With ever increasing design demands, flexibility and adaptivity of unibody construction is increasingly required in order to provide vehicles that meet broader customer needs. Increases in the number of components and structures which are coupled to the unibody construction have led designers to consistently add threaded fasteners to the unibody frame. Variation in manufacturing tolerances require that the fastener couple to the unibody frame in a way which allows a degree of positional adjustment during final assembly. This positional adjustment is provided by using a female fastener, which is an encaged fastener. Typically, this takes the form of a nut encaged in a structure that is attached to the inner body frame. The cage is configured so as to provide the nut with a range of movement so that when a component is coupled to the frame, the alignment of the component and frame can be adjusted until they meet manufacturing standards.
- SUMMARY OF THE INVENTION
Very large variations in vehicle manufacturing tolerances, however, significantly increase the possible loading on fasteners, thus requiring larger and heaver fastening systems be used. This increase in fastener weight leads vehicle manufactures to make costly weight decreases in other portions of the vehicle to maintain government fuel efficiency standards. Accordingly, a need exists for a fastener with decreased weight and improved strength.
The present invention provides a caged fastener assembly.
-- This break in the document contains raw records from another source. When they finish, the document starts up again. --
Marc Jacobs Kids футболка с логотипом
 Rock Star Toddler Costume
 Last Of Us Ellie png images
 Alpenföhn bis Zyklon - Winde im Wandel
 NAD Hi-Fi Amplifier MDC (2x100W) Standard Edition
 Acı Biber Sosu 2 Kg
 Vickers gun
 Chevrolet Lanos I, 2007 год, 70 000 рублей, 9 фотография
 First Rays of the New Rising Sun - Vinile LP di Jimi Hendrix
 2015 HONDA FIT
In another aspect of the present invention, the fastener is a cage nut assembly which has a nut with a body and depending base. A further aspect of the present invention provides a cage disposed about at least a portion of the nut. In yet another aspect of the present invention, a transition thickness in a fastener is greater than a body and/or base thickness.
BRIEF DESCRIPTION OF THE DRAWINGS
Advantages of the present invention over conventional constructions include an ability to span large gaps without nut deformation which reduces part failures and improves part reliability. Further areas of applicability of the present invention will become apparent from the detailed description provided hereinafter. It should be understood that the detailed description and specific examples, while indicating the preferred embodiment of the invention, are intended for purposes of illustration only and are not intended to limit the scope of the invention.
The greatest advantage of the present invention will become apparent to one skilled in the art upon reading the following specification and by reference to the drawings in which:
FIG. 1 is a perspective view of the cage nut fastener in its unassembled condition according to the principles of the present invention;
FIG. 2 is a perspective view of the cage nut fastener of the present invention in its assembled configuration;
FIG. 3a is a cross-sectional view of the cage nut fastener in FIG. 2, taken along line 3-3 of FIG. 2, showing the first embodiment for the through bore of the cage nut fastener of FIG. 1;
FIG. 3b is a cross-sectional view, like that of FIG. 3a, showing an alternative embodiment cage nut fastener;
FIG. 4 is a perspective view of the preferred embodiment of a cage nut fastener in its unassembled condition according to the principles of the present invention;
FIG. 5 is a perspective view of the cage nut fastener of FIG. 4 in its assembled configuration; and
DETAILED DESCRIPTION OF THE PREFERRED EMBODIMENT
FIG. 6 is a cross-sectional view of the cage nut fastener in FIG. 5 showing the relationship of the fasteners and attached parts.
The following description of the preferred embodiment is merely exemplary in nature and is in no way intended to limit the invention, its application, or uses.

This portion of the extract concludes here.